Considering the trends of increasing heat loads and heat fluxes, the focus for customers is in providing adequate airflow to the equipment at a temperature that meets the manufacturers' requirements. This is a very complex problem considering the dynamics of a data center, and it is just beginning to be addressed [1-8]. There are many opportunities for improving the thermal environment of data centers and for improving the efficiency of the cooling techniques applied to data centers [8-10]. Airflow direction in the room has a profound effect on the cooling of computer rooms, where a major requirement is control of the air temperature at the computer inlets. Cooling concepts with a few different airflow directions are discussed in [11]. A number of papers have focused on airflow distribution related to whether the air should be delivered overhead or from under a raised floor [12-14], ceiling height requirements to eliminate "heat traps" or hot air stratification [12, 15], raised-floor heights [16], and proper distribution of the computer equipment in the data center [13, 17] such that hot spots or high temperatures would not exist. Different air distribution configurations, including those described in subsequent sections, have been compared with respect to cooling effectiveness in [14, 16, 18, 19].

Trends-Thermal management consortium for data centers and telecommunications rooms

Since many of the data center thermal management issues span the industry, a number of equipment manufacturers formed a consortium1 in 1998 to address common issues related to thermal management of data centers and telecommunications rooms. Since power used by datacom equipment was increasing rapidly, the group's first priority was to create the trend chart shown in Figure 1 on power density of the industry's datacom equipment to aid in planning data centers for the future. This chart, which has been widely referenced, was published in collaboration with the Uptime Institute [2O]. Since publication of the chart, rack powers have exceeded 28,000 W, leading to heat flux based on a rack footprint in excess of 20,000 W/m^sup 2^.

Recent activities of the American Society of Heating, Refrigerating, and Air-Conditioning Engineers (ASHRAE)

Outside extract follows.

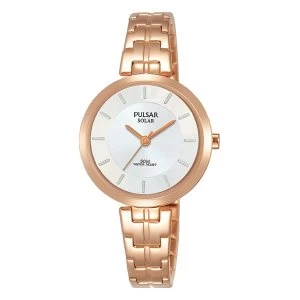 image of Pulsar PY5064X1 Ladies Solar Rose Gold Bracelet White Dial 50M Watch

In January 2002 ASHRAE was approached to create an independent committee to specifically address highdensity electronic heat loads. ASHRAE accepted the proposal and eventually formed the technical committee known as TC9.9 Mission Critical Facilities, Technology Spaces, and Electronic Equipment. The first priority of TC9.9 was to create a Thermal Guidelines document that would help to standardize the designs of equipment manufacturers and help data center facility designers to create efficient, fault-tolerant operation within the data center. The resulting document, "Thermal Guidelines for Data Processing Environments," was published in January 2004 [21]. More recently, another publication entitled "Datacom Equipment Power Trends and Application," published in February 2005 [22], provided an update to the power trends documented in [20] and shown here in Figure 1. The heat load of some datacom equipment was found to be increasing at an even faster rate than that documented in the original chart published by The Uptime Institute [2O]. Other ASHRAE publications will follow on data center thermal management, with one planned for the end of 2005 that will provide information on air and liquid cooling of data centers, energy conservation, contamination, acoustics, etc.